Better still, “look, here’s a

stack of old envelopes
made out to you” and upon
inspecting their odd postmarks
and stamps, feel love leak
from their folds or read

scribbled between the lines of
the onionskin sheets within,
the explanation you’ve always
wanted interwoven with
the phrase “You were only
briefly forgotten.”

But mostly, you would
forfeit the scent of oncoming
rain or abandon the sight of
the swollen red moon just
to be told, “Please listen now,
there’s something I’m ready
to say.”

First appeared in The Problem with Loving Ghosts (Finishing Line Press, 2014)

Claudine Nash’s collections include her full-length poetry book Parts per Trillion (Aldrich Press, 2016) and her chapbook The Problem with Loving Ghosts  (Finishing Line Press, 2014). She also recently edited the collection  In So Many Words: Interviews and Poetry from Today’s Poets (Madness Muse Press, 2016) with Adam Levon Brown.  Her poetry has been nominated for a Pushcart Prize and has appeared in a wide range of magazines and anthologies including Asimov’s Science Fiction, Cloudbank, Haight Ashbury Literary Journal and Yellow Chair Review amongst others. She is also
a practicing psychologist. Website: www.claudinenashpoetry.com.

Recently Lynne S. Viti (who served as a judge for the summer/fall 2016 contest) published a chapbook, Baltimore Girls, with Finishing Line Press.   I am thrilled to publish Sam Cornish's review here.

Baltimore Girls

Baltimore Girls is a brief collection of poems that examines the poet’s early life in the 1960s and the culture in which she grew up. It is personal history -- tales of a small group of young women who lived in the segregated city of my youth. The poems are mini-memoirs, snapshots of young women who had determined they were bound for greater things: “we were in a hurry to get out of town, out of state, through school, to a job...”

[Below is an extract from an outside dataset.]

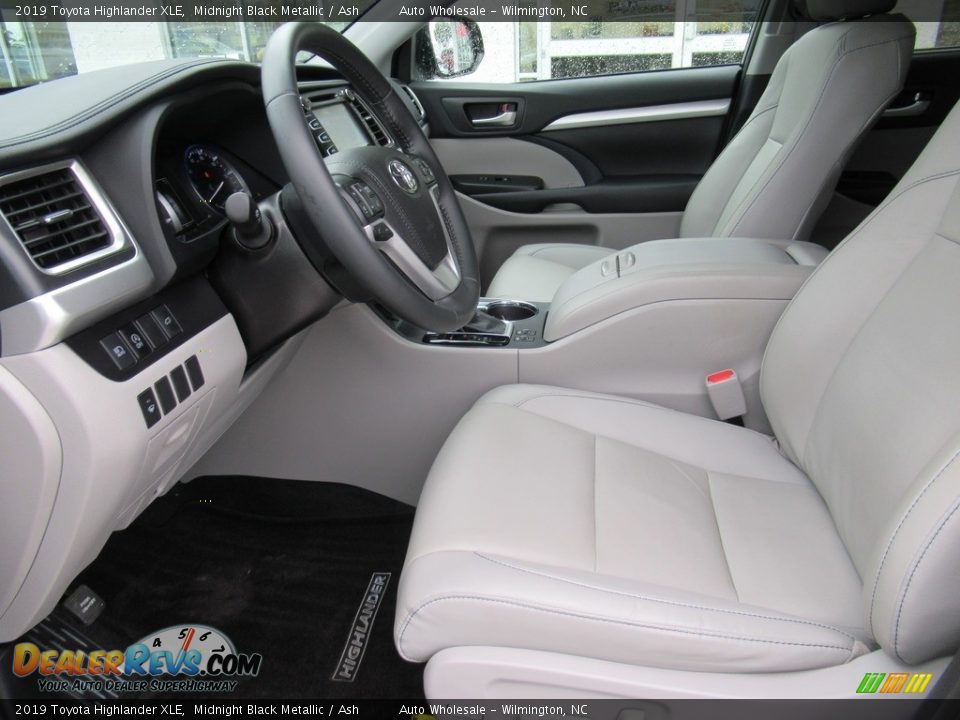 2019 Toyota Highlander XLE Midnight Black Metallic / Ash Photo #10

Although Viti tells us she “left as fast as she could,” her memories of people, places and her hometown culture remain vivid and sharp, filled with the manners and rituals of the era. She recounts a teen-age date as“a talisman of my life to come” because they spent the time talking “about the war, about Yeats...” This collection is significant for its realism, its honesty and its attention to detail. The poems are specific and descriptive, reminiscent of the lyric realism of James T. Farrell. This book establishes Viti as a poet of the memoir and local history. Her memories of time and place will resonate with many readers.

— Sam Cornish

If you'd like to read some of Lynne's poems, here is a link to some I published in August 2015:  http://thesongis.blogspot.com/2015/08/lynne-viti.html

To buy her wonderful book (which I encourage),  email Lynne at lviti@wellesley.edu for pricing details and to place an order. Proceeds will go to support Mercy High School Baltimore scholarship funds.

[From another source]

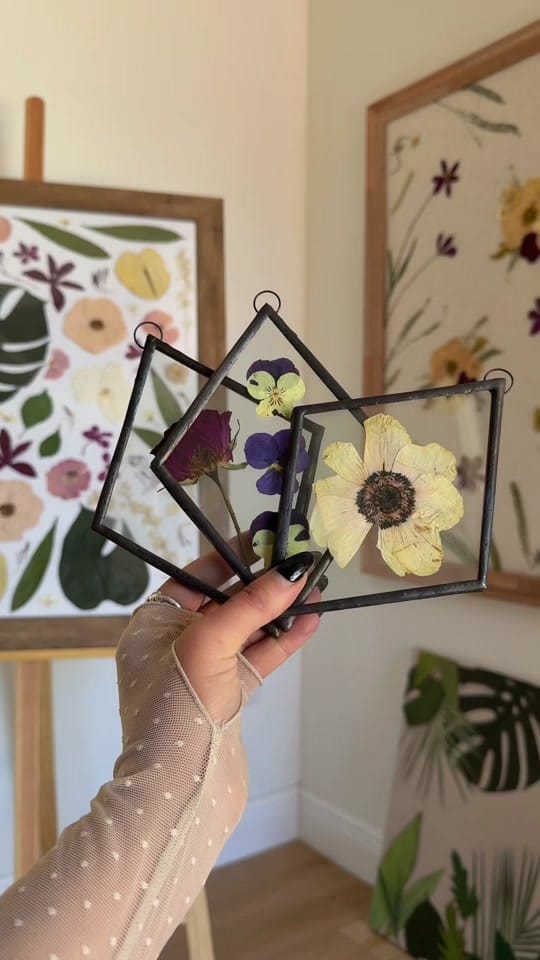 Post 7 by artbyhopesynod on TikTok (video)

Lynne also added the following about an upcoming reading:  "I'm reading at Bird in Hand Books & Coffee on November 7, 2017 at 7 PM, in the Readings with Ralphie series. 11 E 33rd St, Baltimore, MD 21218."

Please spread the word!!!

Now for tonight's music.  I think I'll start with another song by Larry Young from an earlier album.  His "Of Love and Peace" does sound like flight: https://www.youtube.com/watch?v=IZOKMGe1nAI

Here is his version of "Seven Steps to Heaven": https://www.youtube.com/watch?v=qVGq-GQgVBU

I'll finish with his "Plaza del Toros," which is a little more conventional and bouncy: https://www.youtube.com/watch?v=AGB_fNG0R94  Grant Green plays on it as well.


  1. Valuable information which you have providing about the musics song i really appreciate it and really enjoy it.
    Kendrick Lamar

  2. Permission Slip made me cry. I've started listening to old jazz masters so I can work my way up to the more modern pieces you post.